The appropriate way to deal with a contagious disease is to identify those who have it, and isolate them. At present, we cannot do this. Once tests finally, belatedly, become available, we can start easing the shutdown without killing millions of Americans. Until they are, though, the only two ways we can reduce the number of deaths is by shutdown, and increasing our capacity to treat.
2 thoughts for those thinking of the tradeoff maybe being not worth it:
-if you make a million a year, and assuming “savings” of not shutting down are distributed evenly (they wouldn’t) then your share of the savings is 0.000005 cents of every dollar saved.
-if we flatten the curve enough, and we have enough testing available to identify and isolate, you might not get this, ever.
There is a phase out of the stimulus payments for individuals based on their 2018 incomes. Why don’t they have a similar phaseout for corporations based on their 2018 income?
Here is an aspect to flattening the curve I have not heard discussed:
I am assuming that myself and nearly all of the people I work with at a large hospital will eventually contract the virus. I also assume that infections will spike sooner among hospital staff than the general population. There is no data to support these assumptions, but they seem reasonable. The data indicate that most of us will recover. When we recover, we will be immune to the virus, and available to care for new cases, without either contracting the virus themselves or carrying it to the uninfected. (biologically carrying, I mean…mechanical transmission is still something to worry about) From what I have read, the virus runs it’s course in 2-3 weeks, or so.
If half the hospital staff is out sick, then the workers that are left are touching twice as many patients.
If the curve is rather flat, then not only will existing medical infrastructure stand a better chance of being adequate to deal with the case load, but the infection rate of caregivers will be lower, and there is a much better chance that enough can recover in time to be useful in treating new cases. If the spike in cases coincides with the infection of caregivers, then that will further limit the availability of healthcare for the infected. It will be really bad if the situation is so dire that healthcare workers are needed to work while infected. In that case, anything you need to be hospitalized for means you are extremely likely to contract COVID-19 in the hospital. So don’t crash your car, or overdose on drugs or alcohol, or develop a heart condition, or have a stroke…because hospitals will likely not be there for you.
It seems to me that this is part of what happened (is happening) in Italy.

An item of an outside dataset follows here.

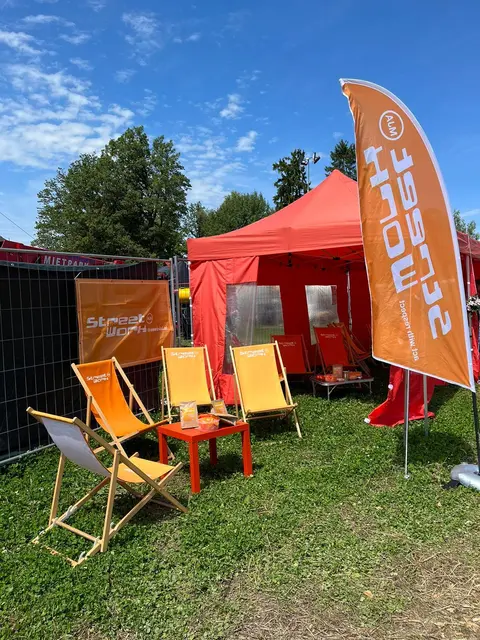 Mit im Gepäck haben die Streetworker Pavillon, Liegestühle, Sitzsäcke, Musik, kühle Getränke, Snacks und jede Menge Spiele. | Foto: Verein I.S.I.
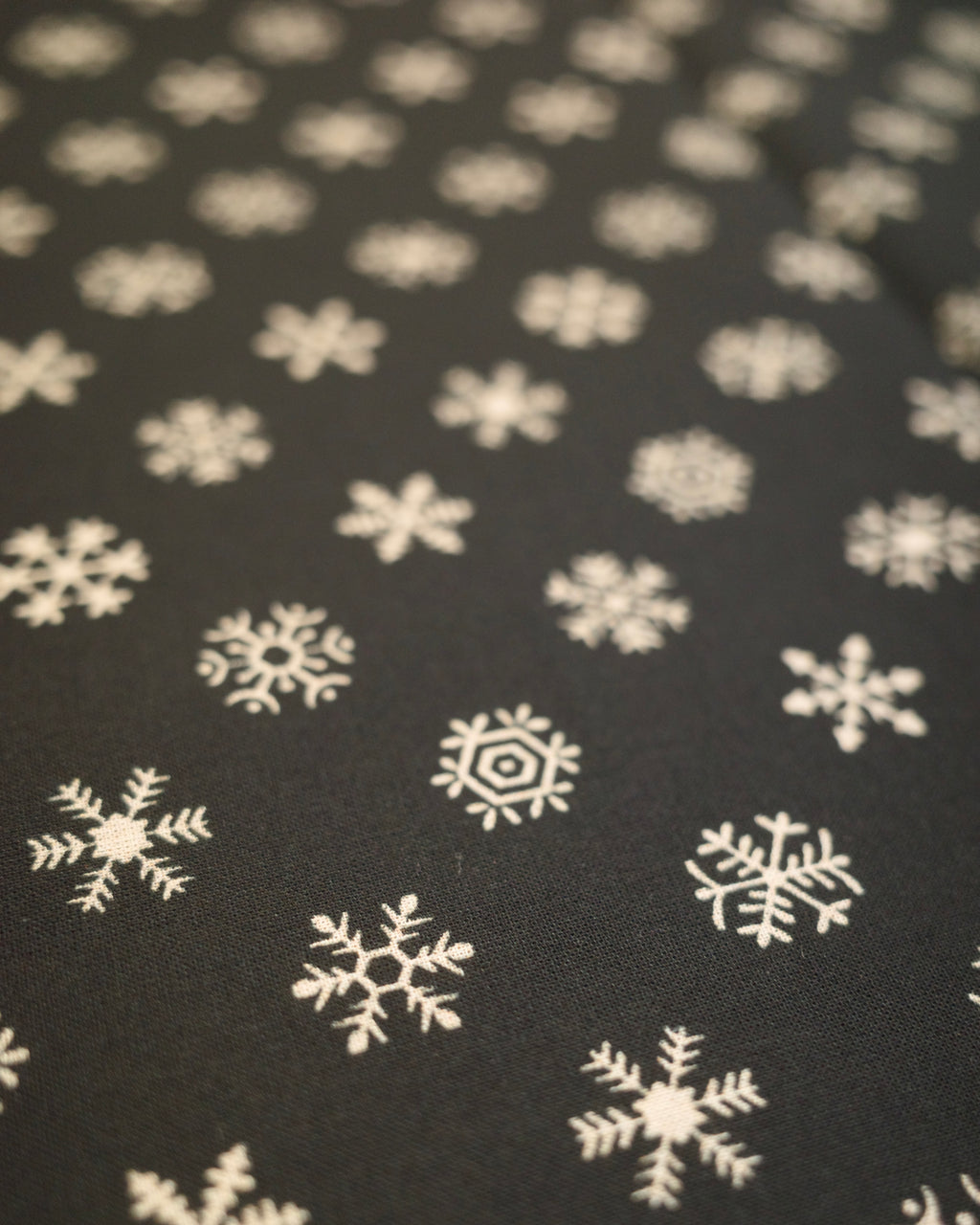 SNOWFLAKES SCARF SQUARE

With a very tall bell, the people that may suffer most, and die most are health care workers. That causes a lack of care, and more importantly supply problems, and more deaths and more sick people that causes more sick health care workers that may die that makes the curve sharper. Rinse and Repeat.
Think of a battlefield medic. How many people can they save? Who is it gonna be? When your medics become overwhelmed and are getting shot at, it’s a pretty bad situation. Flatten the curve, and more can be saved.

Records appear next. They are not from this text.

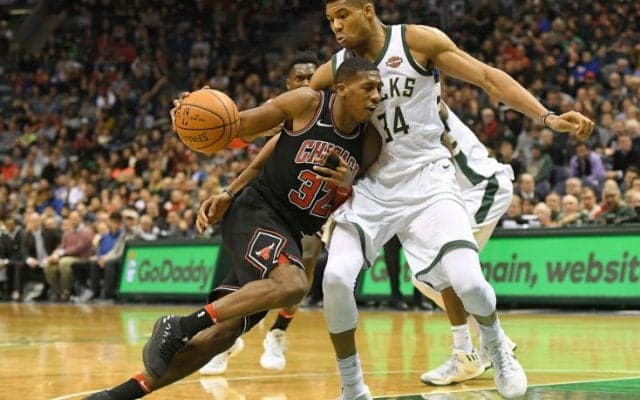 ブルズで才能を開花させたクリス・ダン「コービーのプレーを手本にしている」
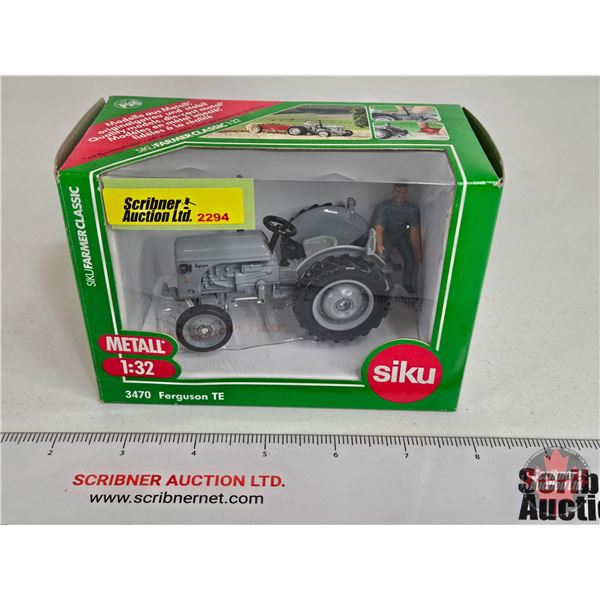 Siku Farmer Classic 3470 Ferguson TE (Scale 1:32) (Box Measures : 4"H x 6"W x 3"D)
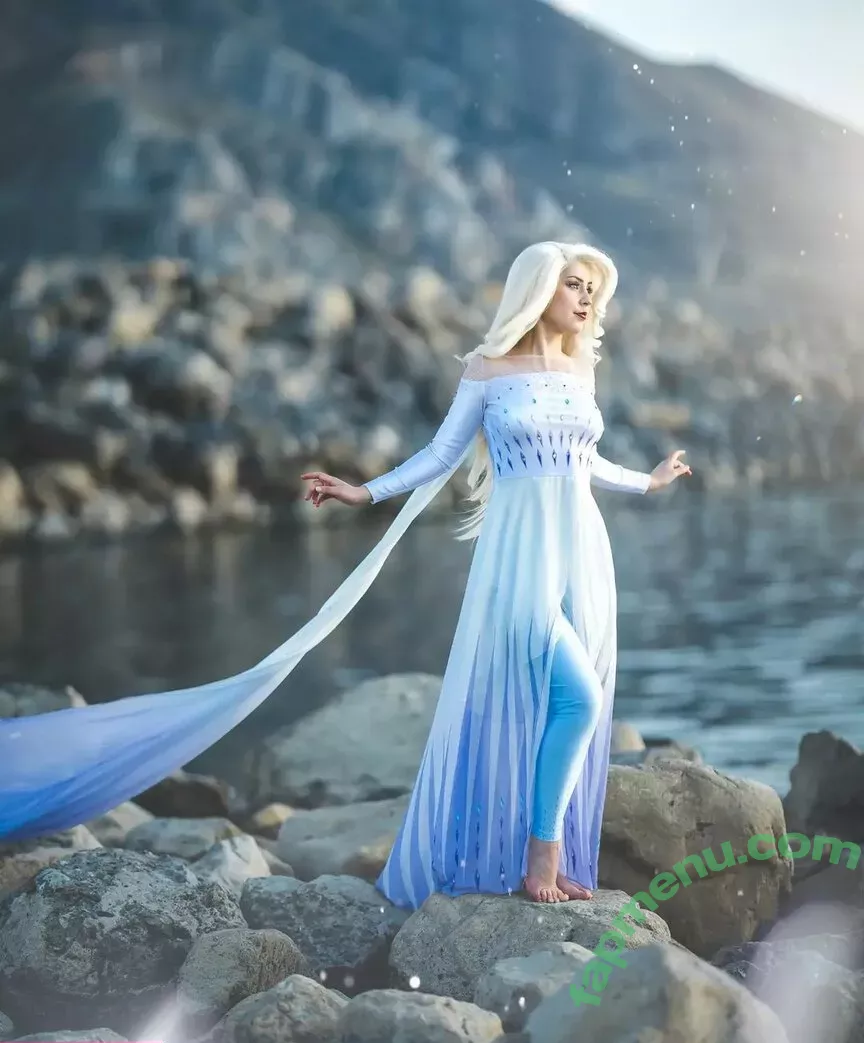 Raineemery nude photo #0051 (emerysealion)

In the Bay Area we shut things down early, before California as a whole did. It seems to be working. Here is a page with data.. Santa Clara county, which was hardest hit, is seeing a decline in new cases and deaths. So is the Bay Area as a whole. It’s been about 2 weeks of lockdown which is when you’d expect to see an effect.
Cases can still spike, but at the moment it looks better. You can see the curve flattening in the graphs.